あなたの内にいる「たくさんの自分」たち

現実を変えるには、まず自分を変える必要があるとよく言われます。


しかしあまりに自分を変えることばかりに意識が向きすぎ、今の(これまでの)自分自身を卑下したり、否定したりすることになっては本末転倒です。


変えるために最初に行うのは、過去と現在、時には未来の自分も認めることであり、究極的には愛することでもあります。


とはいえ、自分の肯定は易しいようで、意外に難しいものがあります。


それはいいいところも悪いところもすべて受け入れなくてはならないからです。


いいところを認めるのは気持ちがいいものですが、悪いところは誰でも認めたくないものですよね。


また、人によってはいいところを認めることすらできにくい人がいます。


これはいつも自分が悪い、自分は不幸だ、自分はよいところが何もないと、まさに自己否定の人生を歩んで来た方、あるいは歩まされてきた方にいらっしゃいます。


そこまでではなくても、何かひとつやふたつのことがひっかり、自分を肯定することができないという人も少なからずいます。


こういう人は完璧主義であったり、長男長女的に真面目で親や周囲の期待に応えなければならないと生きてきた方にありがちではあります。


人から見ていい人、できる人、問題ない人で「なければならない」と、自分に縛りをかけてきたので、少ないものでも欠点として拡大解釈し、自己否定して落ち込むわけですね。


人には生きていくための仮面(ペルソナ)的人格が、多重性人格障害ではなくても、誰でも程度の差こそあれ存在していると言われます。そうしないと自分を守る上でも生きていけない面があるからです。

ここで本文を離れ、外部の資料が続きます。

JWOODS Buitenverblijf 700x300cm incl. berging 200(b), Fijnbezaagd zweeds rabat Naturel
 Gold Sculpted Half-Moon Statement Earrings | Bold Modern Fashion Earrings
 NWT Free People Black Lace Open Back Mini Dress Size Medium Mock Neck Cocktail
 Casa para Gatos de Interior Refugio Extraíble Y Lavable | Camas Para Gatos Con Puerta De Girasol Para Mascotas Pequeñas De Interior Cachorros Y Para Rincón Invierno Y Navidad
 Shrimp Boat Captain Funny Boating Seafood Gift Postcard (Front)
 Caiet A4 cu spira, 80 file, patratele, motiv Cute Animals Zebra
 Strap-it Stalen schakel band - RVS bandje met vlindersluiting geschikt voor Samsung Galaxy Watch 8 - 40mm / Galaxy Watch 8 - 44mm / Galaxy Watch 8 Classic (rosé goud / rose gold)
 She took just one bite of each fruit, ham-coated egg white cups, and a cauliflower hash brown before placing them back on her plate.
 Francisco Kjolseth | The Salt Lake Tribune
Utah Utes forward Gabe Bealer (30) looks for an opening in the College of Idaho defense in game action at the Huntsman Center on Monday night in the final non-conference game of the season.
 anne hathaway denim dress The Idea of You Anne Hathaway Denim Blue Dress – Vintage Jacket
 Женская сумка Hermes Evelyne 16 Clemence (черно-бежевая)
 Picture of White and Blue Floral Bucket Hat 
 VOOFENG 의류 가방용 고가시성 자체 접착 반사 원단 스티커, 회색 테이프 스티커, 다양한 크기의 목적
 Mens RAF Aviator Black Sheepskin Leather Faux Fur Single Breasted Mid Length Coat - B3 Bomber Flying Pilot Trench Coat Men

しかし、時に仮面が多くなりすぎたり、仮面の一部が強くなりすぎたりして、自分の本質がどれかわからなくることがあります。


ただ実はどの仮面も自分(の一部)ではあるので、すべては本質だとも言え、本質を特定することは矛盾することでもあるのですが、大切なのは仮面をコントロールする本体や制御装置のような自覚体を持つことだ考えられます。


仮面たちはあなたを守り、生きるために必要なものとして出現したきた者たちでもあるので、彼ら彼女らを認め、労いの言葉をかけることです。


最終的にはそれぞれの仮面の役割を認識し、今後も必要なのか、あるいはもう必要ないのか、必要であっても従来のままのエネルギーの仮面がいいのか、エネルギーを少なくすることが求められるのかなど制御していくことで、本当の意味であなたは変わることができます。


こうした自己の一部でもある仮面たちを否定、あるいは無視したまま変革を試みようとすると、必ずあとであなたは潜在する仮面たちに苦しめられることになります。(直接的な抵抗に遭う場合もあります)


このような仮面の抵抗によって改革が進まない時、マルセイユタロットでは「13」(逆)がよく出ます。それから過去を向くべきカードが解決に出たり、未来に行くべきカードが問題状態となったりすることもあります。


マルセイユタロットでは、こうした仮面たちそれぞれを、カード展開やカードそのもので確認することができます。


心理的にはあなたに内在しているペルソナを、絵のカードとして外在化させる作業と言ってもいいでしょう。


さらにはその仮面・ペルソナを受容させていく方法がタロット自体にあるのですが、それはまた講座等でお伝えできたらと思います。


とにかく急がず慌てず、あなたの内にあるひとつひとつを認めていく作業を試みていくと、それぞれの仮面たちが今度は天使・協力者としてあなたの作業の応援に回るようになりますので、決して自己を見つめることは無駄にはならないでしょう。


マルセイユタロットを学ぶひとつの意義は、この作業のツールとして活用するということなのです。